À l'origine, cette loi a été promulguée dans le but très précis de lutte contre les risques de famine liée à l'accroissement de la population dans un contexte où la durée de vie s’allongeait en même temps que la mortalité infantile était en baisse. Or la société traditionnelle chinoise est très patriarcale et patrilinéaire : le nom et l'héritage sont directement liés au premier garçon né. Alors que le mariage entraîne la disparition des filles des lignées familiales d'origine. Dès lors, avoir au moins un garçon s'avère impératif pour la continuité de la transmission du nom de la lignée familiale. Cela a entraîné de sérieuses dérives qui aujourd'hui se traduisent par un déséquilibre de la balance démographique en faveur des garçons et un déficit de filles.

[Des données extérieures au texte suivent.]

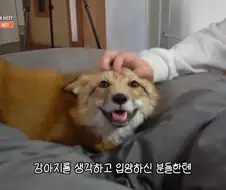 애완 여우 특징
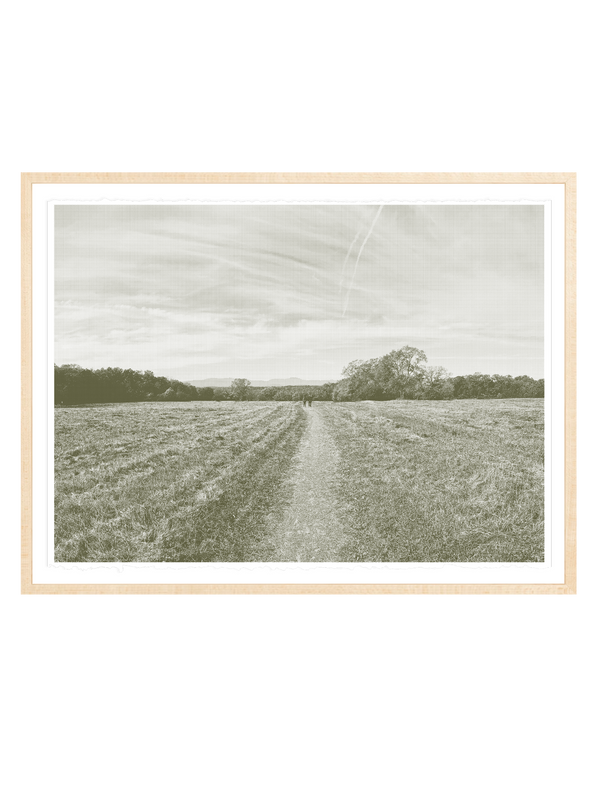 Greenport Conservation Area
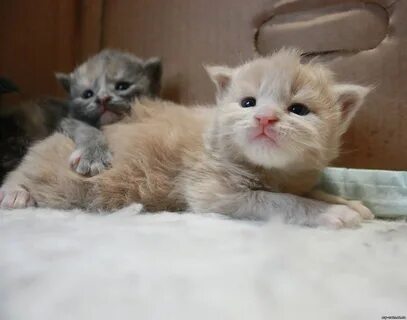 2 х недельный котенок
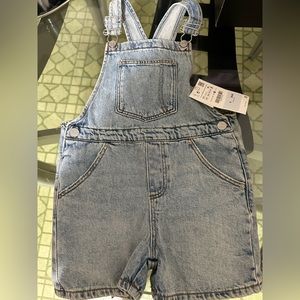 Zara shorts overall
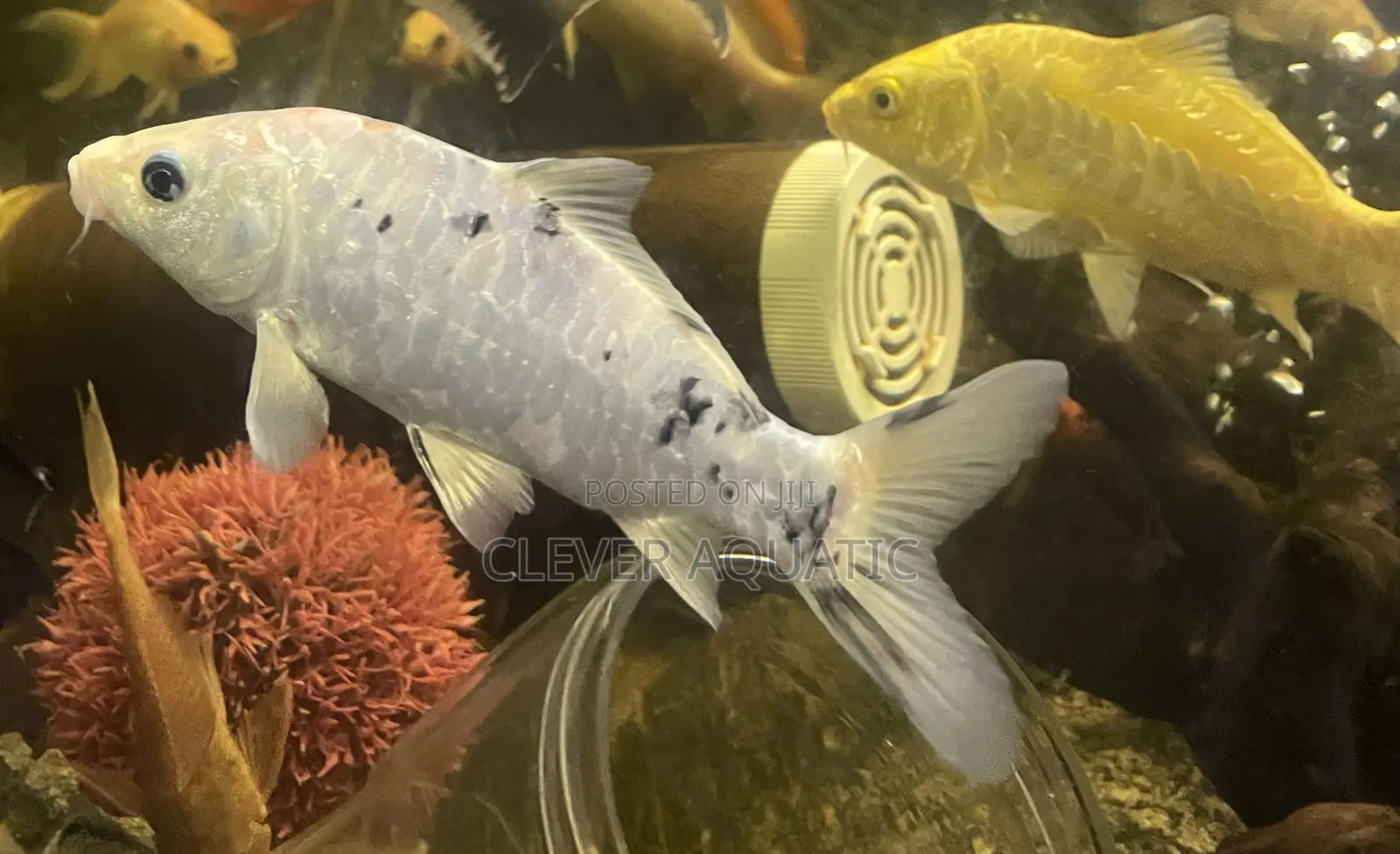 Big Aquarium (Koi Fish )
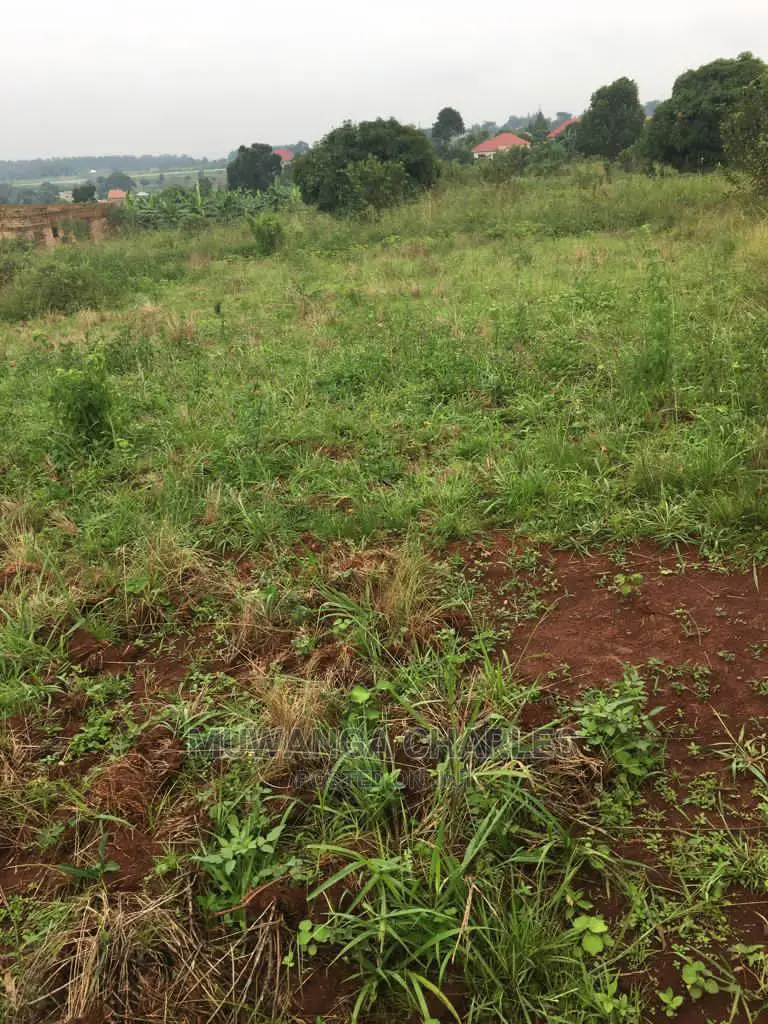 Plots Is Available for Sale in Gayaza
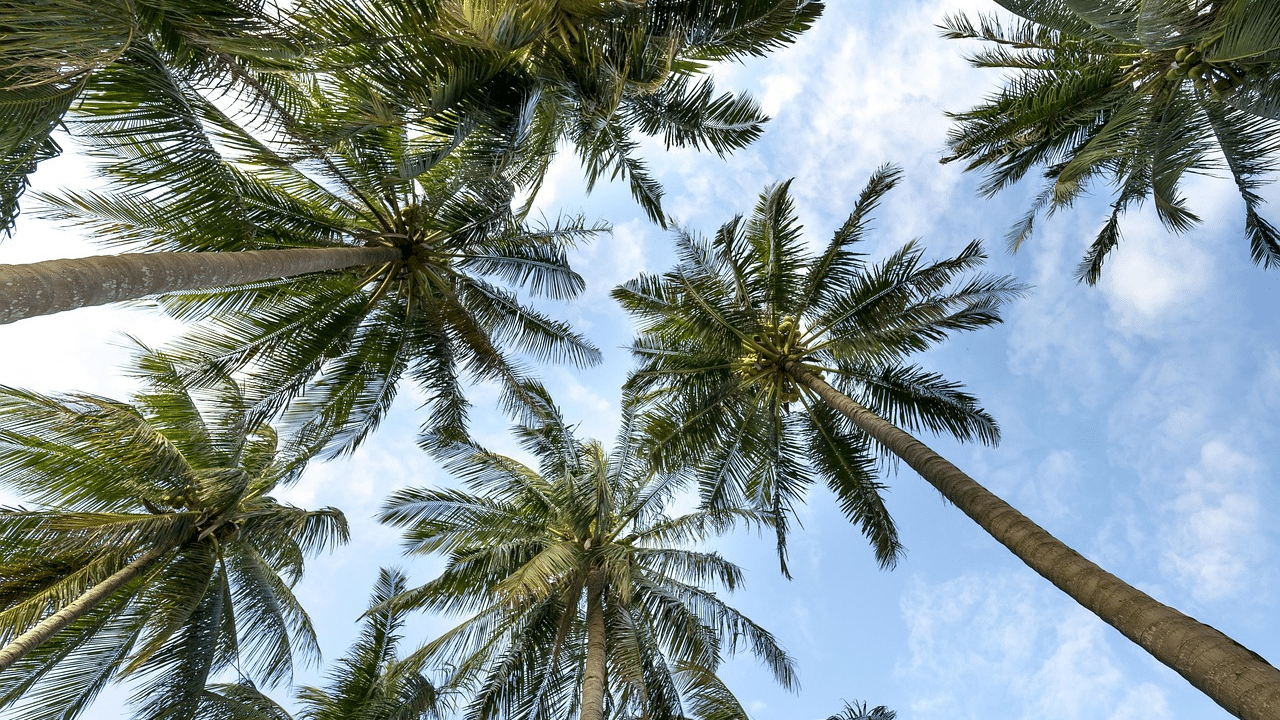 How to remove a palm tree?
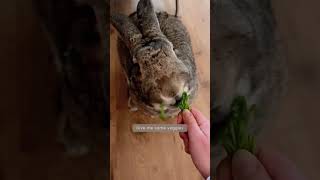 Download lagu Funny Pet Video | 'I am your bunny' | Funny Rabbit | Funny Bunny mp3 Download lagu Funny Pet Video | 'I am your bunny' | Funny Rabbit | Funny Bunny mp3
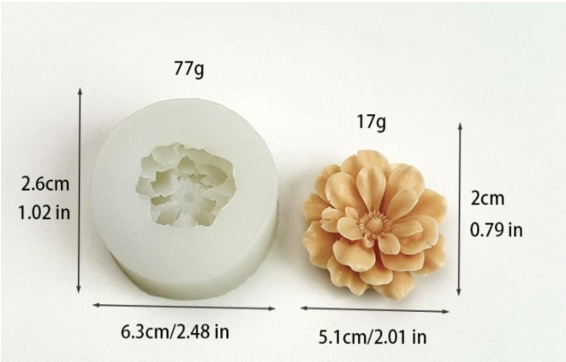 Begonia Flowers WCM228(own)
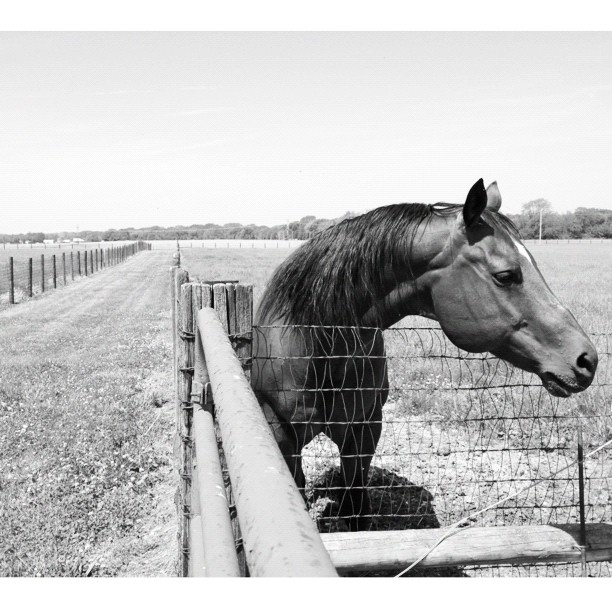 Another Day in the Country #horse #blackandwhite #stable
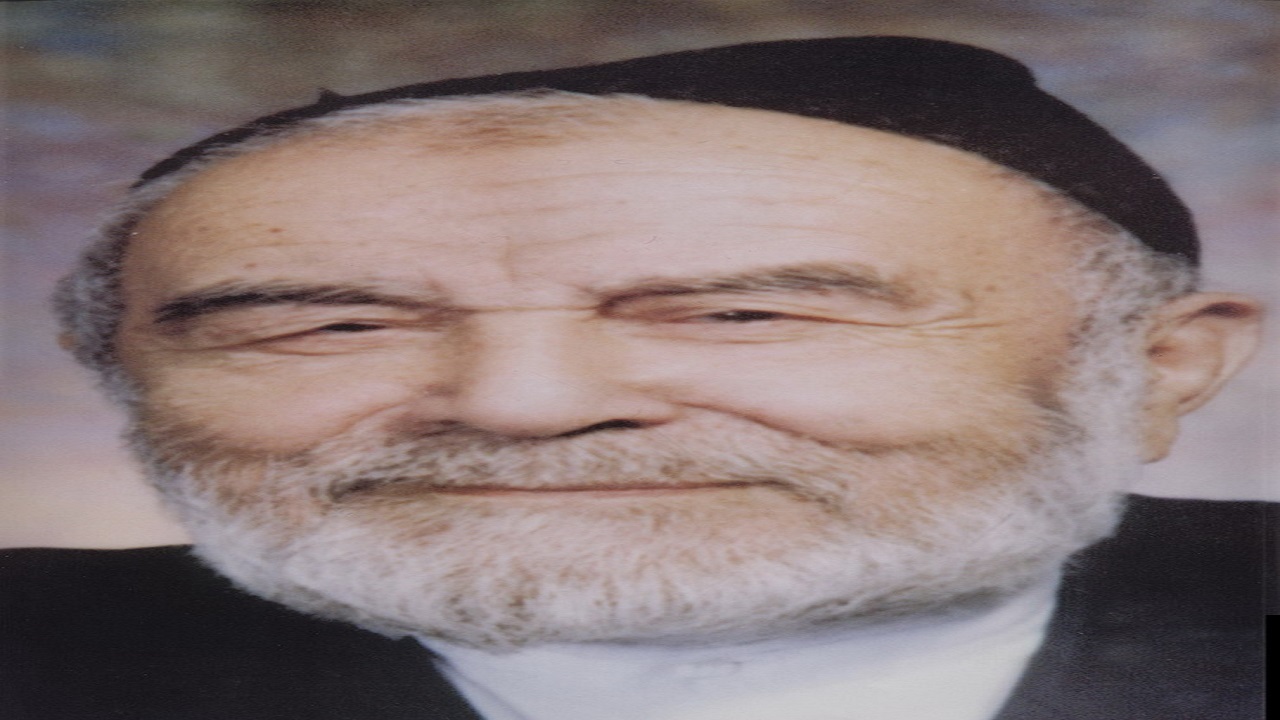 حرم امام حسین(ع)؛ حریم امن دلدادگان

Cette situation entraîne un nouveau risque, celui de troubles sociaux lié à l'impossibilité de trouver des filles à marier.
Mais, il est toutefois toujours impossible pour le gouvernement de Pékin de libéraliser entièrement la loi sur l'enfant unique. Le spectre de la famine n'est pas loin, même si le pays est plus riche aujourd'hui, il dépend maintenant de ses importations vivrières pour nourrir sa population. Les conséquences de cette dépendance sont aux moins de deux ordres : primo une attention particulière pour la sécurité des voies maritimes pour les cargos chinois ; secundo, l'introduction de la patate dans la culture agricole chinoise.

4680 mètres : ce sont les derniers escaliers. Arrivé sur l'esplanade, on découvre une grosse borne de pierre sur laquelle est inscrit que nous sommes bien 4680 mètres au-dessus du niveau de la mer. Chacun à tour de rôle grimpe encore sur le socle de la borne pour se faire photographier, preuve ultime de « l'exploit » accompli. Puis on se précipite sur la rambarde la plus proche pour reprendre son souffle et éviter de chanceler. À part une petite buvette, heureusement il n'y rien à faire ici et l'on commencé à redescendre.
C'est bien la première fois que je n'ai pas envie d'une bonne petite cigarette, d'ailleurs plus personne ne fanfaronne. Dire qu'il en a pour rechercher des sensations dans les montagnes russes de quelques parcs d'attractions.



Nous sommes montés et redescendus comme de bons touristes. En attendant, la Chine change et l'un des moteurs principaux de ce changement se trouve dans la longue l’ascension de la classe moyenne.